Gustave Caillebotte, Nude on a Couch, ca. 1880. Courtesy the Minneapolis Institute of Art.
Caillebotte painted a variety of contemporary subjects, especially boating and gardening, that would appeal to the upper classes and the rising bourgeoisie. The artist himself was a first-class yachtsman and boat designer, rowing and sailing at his country properties at Yerres, and Petit Gennevilliers along the Seine. Of his many boating paintings, Boating Party (ca. 1877–78) is perhaps his strongest. A city man out for a Sunday row, wearing a vest, a top hat, and a startling blue-and-white-striped shirt is pushed right up against us visually, as if we are in the boat with him. Paintings often featured Caillebotte’s well-to-do male friends like Albert Courtier, a notary whom he sometimes portrayed as the solid bourgeois that he was. But memorably, Caillebotte also depicted him in In a Café (1880), lounging against a bar table, an unfashionable bowler pushed back on his head, his shirt opened too wide, and his trousers rumpled. Contemporary observers would have immediately recognized him as a type—the obnoxious barfly. Caillebotte would also switch accepted gendered roles, for example, painting a man reading a novel on a couch and a woman reading a newspaper sitting up, or a nude man toweling off after a bath, instead of the female bather the Impressionists often made their subject. His striking Nude on a Couch (ca. 1880) is a portrayal of a tired young woman, possibly his longtime companion Charlotte Berthier. She has just taken her clothes off and has let them fall where they may. Tellingly, the indented line of her undergarment is still visible above her waist. There is no attempt to idealize her, nor to expressionistically exaggerate her flaws. She is a real, modern woman, complete with ample pubic hair and uneven skin tones. The painting is still edgy, and it is unsurprising that it was never exhibited in Caillebotte’s lifetime.

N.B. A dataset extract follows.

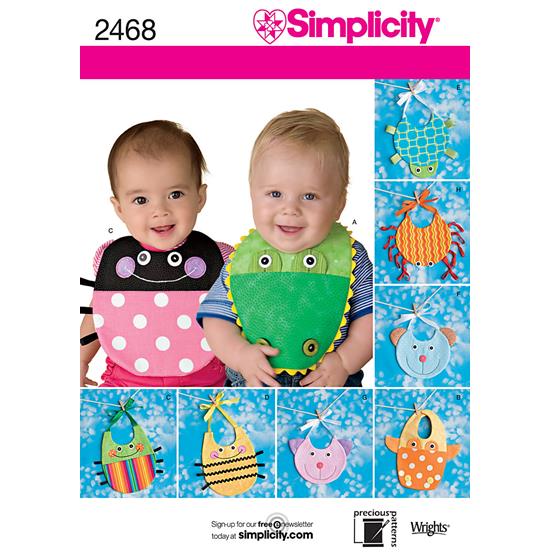 Simplicity 24680 snitmønster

This beautifully designed exhibition benefits from years of research by co-curator Gloria Groom of the Art Institute, along with Scott Allan of the J. Paul Getty Museum, and Paul Perrin of the Musée d’Orsay, the exhibition’s two previous venues. Caillebotte’s circle of close, mostly male, non-artist friends are brought to life—who they were, where they lived, and what they wore. (Notably, a vitrine of the hats seen in the paintings is featured.) Caillebotte, though reserved, was thoroughly embedded in his social milieu. Painting His World creates an encompassing and engrossing picture of his place and a time, a compilation of family and friends, apartment interiors, and the city streets and leisure pursuits of a transformed modern Paris.
Richard Kalina is a painter who writes about art.